AIM OF THE TASK: Please reproduce the entries below exactly, starting at the first line and ending with the line that holds "Anthropologie Field Play".

(Excerpts from a dataset)
>>>>>
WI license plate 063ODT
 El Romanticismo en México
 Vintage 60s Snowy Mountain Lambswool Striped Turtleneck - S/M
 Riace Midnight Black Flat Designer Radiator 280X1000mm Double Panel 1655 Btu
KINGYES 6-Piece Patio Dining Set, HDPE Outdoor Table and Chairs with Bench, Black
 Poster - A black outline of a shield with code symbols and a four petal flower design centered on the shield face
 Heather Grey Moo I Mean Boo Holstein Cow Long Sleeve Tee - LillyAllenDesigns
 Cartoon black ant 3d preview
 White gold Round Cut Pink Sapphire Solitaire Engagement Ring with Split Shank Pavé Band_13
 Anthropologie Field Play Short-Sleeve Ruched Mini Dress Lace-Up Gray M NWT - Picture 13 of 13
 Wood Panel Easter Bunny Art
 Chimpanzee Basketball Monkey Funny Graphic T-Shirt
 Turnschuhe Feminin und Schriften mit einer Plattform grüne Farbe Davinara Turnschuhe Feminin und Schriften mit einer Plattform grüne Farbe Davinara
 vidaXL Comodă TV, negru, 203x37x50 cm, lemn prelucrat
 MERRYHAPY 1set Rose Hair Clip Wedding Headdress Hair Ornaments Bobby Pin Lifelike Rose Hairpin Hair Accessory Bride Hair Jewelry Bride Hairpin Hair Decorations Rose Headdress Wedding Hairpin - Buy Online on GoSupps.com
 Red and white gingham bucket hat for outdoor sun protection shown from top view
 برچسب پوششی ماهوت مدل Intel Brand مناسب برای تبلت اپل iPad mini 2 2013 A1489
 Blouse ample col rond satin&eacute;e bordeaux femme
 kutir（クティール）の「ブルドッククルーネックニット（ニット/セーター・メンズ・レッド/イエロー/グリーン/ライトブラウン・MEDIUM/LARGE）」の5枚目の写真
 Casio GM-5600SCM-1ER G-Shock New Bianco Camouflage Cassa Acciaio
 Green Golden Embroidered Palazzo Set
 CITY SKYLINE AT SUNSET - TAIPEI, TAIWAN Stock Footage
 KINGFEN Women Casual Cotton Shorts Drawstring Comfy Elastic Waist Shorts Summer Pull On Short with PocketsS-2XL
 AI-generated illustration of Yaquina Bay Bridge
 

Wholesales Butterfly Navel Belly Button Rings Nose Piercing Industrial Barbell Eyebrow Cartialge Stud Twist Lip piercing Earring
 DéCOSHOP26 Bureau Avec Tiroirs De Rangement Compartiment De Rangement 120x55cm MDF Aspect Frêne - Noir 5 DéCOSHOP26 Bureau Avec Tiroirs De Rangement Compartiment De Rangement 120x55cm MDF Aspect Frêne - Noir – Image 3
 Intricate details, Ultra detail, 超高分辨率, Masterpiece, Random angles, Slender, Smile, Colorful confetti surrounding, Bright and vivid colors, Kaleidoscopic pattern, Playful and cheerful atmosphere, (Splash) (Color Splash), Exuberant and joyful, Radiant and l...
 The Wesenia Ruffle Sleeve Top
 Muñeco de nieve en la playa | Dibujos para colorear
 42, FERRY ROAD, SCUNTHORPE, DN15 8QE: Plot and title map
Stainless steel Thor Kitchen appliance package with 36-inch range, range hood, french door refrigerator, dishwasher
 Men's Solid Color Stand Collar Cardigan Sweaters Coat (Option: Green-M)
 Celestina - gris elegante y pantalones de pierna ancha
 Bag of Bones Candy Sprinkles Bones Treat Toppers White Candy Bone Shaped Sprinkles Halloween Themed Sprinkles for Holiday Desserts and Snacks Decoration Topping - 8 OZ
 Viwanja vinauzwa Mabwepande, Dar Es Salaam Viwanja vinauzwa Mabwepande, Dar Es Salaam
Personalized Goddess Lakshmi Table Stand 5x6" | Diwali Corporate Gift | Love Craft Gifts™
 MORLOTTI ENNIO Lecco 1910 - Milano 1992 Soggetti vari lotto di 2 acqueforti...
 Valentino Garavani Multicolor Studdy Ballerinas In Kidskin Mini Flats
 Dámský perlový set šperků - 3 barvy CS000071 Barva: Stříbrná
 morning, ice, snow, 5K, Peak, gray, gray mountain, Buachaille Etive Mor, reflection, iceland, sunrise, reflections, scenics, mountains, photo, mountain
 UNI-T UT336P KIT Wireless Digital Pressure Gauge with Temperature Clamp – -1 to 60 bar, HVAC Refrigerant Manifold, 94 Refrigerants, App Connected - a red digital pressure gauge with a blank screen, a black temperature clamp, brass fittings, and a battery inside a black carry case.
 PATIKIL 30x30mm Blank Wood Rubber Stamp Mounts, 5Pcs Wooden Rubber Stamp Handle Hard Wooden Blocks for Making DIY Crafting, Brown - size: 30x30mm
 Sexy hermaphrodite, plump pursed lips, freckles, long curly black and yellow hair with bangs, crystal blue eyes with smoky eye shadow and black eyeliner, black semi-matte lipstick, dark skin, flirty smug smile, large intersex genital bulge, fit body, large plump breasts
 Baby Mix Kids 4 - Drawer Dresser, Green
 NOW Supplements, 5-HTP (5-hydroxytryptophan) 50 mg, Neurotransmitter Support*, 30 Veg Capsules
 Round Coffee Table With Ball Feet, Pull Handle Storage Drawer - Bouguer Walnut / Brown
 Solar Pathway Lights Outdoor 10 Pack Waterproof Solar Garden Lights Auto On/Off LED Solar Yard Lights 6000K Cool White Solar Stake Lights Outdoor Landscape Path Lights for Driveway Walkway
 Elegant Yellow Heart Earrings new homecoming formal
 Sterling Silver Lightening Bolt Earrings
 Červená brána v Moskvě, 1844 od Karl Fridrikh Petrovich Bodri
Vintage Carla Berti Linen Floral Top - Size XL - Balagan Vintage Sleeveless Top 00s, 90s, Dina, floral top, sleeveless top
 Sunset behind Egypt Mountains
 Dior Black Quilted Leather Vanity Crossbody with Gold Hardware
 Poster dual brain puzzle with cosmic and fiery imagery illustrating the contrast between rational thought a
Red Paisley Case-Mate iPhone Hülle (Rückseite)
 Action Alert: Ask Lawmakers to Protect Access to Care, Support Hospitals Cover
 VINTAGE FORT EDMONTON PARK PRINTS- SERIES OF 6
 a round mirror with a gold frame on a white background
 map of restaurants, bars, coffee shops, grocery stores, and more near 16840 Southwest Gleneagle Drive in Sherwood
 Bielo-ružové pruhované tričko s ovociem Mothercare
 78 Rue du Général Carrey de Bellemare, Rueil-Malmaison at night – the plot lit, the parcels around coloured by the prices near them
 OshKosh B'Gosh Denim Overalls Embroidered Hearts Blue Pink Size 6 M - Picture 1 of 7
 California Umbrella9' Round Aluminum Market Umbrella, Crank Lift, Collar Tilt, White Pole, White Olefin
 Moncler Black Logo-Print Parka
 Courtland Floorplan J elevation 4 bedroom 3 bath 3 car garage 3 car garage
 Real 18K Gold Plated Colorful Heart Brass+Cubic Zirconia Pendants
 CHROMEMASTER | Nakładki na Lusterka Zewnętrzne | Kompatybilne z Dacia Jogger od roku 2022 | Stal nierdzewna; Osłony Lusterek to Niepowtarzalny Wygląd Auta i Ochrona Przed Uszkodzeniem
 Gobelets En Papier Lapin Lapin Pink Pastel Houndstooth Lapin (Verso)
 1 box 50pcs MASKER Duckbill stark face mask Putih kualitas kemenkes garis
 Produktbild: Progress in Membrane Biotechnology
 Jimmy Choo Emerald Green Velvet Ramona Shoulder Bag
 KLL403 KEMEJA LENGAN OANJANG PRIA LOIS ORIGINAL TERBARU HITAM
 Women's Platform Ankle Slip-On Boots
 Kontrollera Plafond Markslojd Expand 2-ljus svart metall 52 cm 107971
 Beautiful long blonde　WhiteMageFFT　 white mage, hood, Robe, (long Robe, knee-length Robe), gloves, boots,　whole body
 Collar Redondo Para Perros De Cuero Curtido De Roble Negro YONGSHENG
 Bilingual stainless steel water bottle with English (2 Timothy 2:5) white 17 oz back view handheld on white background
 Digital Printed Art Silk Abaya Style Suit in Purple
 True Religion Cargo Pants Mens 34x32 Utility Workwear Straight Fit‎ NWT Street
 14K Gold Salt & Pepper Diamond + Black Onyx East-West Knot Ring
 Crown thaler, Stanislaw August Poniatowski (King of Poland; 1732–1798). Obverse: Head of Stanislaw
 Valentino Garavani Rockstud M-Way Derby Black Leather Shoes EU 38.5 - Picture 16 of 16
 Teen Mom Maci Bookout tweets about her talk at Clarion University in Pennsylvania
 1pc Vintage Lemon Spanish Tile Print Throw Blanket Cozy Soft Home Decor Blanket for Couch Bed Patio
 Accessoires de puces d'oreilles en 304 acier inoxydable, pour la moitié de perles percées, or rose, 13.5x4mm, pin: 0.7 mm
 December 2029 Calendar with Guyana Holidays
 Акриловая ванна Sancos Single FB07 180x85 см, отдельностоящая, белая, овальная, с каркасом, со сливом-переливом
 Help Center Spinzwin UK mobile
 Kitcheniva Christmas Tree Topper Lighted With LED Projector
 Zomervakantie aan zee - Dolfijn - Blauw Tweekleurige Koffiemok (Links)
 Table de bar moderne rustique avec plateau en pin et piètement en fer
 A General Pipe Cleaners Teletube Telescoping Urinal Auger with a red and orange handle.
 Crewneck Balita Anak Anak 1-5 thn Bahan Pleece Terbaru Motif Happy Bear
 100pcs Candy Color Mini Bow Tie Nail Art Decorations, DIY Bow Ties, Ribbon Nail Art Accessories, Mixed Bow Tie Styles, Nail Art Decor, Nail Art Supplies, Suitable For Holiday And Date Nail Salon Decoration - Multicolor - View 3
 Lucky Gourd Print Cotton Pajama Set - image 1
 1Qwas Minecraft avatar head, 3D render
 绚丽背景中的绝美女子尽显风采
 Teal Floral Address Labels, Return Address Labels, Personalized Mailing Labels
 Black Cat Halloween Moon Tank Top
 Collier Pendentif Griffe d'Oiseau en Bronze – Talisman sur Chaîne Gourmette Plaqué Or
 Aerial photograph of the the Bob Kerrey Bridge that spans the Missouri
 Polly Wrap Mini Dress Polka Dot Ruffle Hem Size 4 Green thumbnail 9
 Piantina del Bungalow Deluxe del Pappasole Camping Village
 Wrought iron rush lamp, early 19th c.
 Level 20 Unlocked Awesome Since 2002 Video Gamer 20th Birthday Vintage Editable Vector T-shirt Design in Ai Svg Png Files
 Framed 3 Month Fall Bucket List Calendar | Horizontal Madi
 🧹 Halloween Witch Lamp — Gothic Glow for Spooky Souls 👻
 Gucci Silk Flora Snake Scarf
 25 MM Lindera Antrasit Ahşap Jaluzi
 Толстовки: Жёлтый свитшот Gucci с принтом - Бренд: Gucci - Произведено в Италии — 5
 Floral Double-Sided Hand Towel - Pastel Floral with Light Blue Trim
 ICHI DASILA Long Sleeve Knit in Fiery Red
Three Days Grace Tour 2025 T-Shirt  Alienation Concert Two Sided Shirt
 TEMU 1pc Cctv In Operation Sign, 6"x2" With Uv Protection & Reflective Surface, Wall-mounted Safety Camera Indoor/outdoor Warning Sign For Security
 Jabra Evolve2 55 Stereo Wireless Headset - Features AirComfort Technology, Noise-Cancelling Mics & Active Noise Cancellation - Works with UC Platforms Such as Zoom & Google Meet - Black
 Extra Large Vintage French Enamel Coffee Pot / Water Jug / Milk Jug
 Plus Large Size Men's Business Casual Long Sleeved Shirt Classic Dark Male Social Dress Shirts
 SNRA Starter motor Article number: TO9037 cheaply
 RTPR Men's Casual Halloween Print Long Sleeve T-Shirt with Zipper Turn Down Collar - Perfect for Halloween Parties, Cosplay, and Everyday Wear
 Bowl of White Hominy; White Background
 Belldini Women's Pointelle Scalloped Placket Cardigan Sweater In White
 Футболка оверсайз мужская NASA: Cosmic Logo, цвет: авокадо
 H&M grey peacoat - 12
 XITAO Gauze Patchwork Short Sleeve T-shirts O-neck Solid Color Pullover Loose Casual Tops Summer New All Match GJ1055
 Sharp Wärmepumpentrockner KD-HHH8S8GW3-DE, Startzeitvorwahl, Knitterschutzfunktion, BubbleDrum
<<<<<
WRITTEN ANSWER:
WI license plate 063ODT
 El Romanticismo en México
 Vintage 60s Snowy Mountain Lambswool Striped Turtleneck - S/M
 Riace Midnight Black Flat Designer Radiator 280X1000mm Double Panel 1655 Btu
KINGYES 6-Piece Patio Dining Set, HDPE Outdoor Table and Chairs with Bench, Black
 Poster - A black outline of a shield with code symbols and a four petal flower design centered on the shield face
 Heather Grey Moo I Mean Boo Holstein Cow Long Sleeve Tee - LillyAllenDesigns
 Cartoon black ant 3d preview
 White gold Round Cut Pink Sapphire Solitaire Engagement Ring with Split Shank Pavé Band_13
 Anthropologie Field Play Short-Sleeve Ruched Mini Dress Lace-Up Gray M NWT - Picture 13 of 13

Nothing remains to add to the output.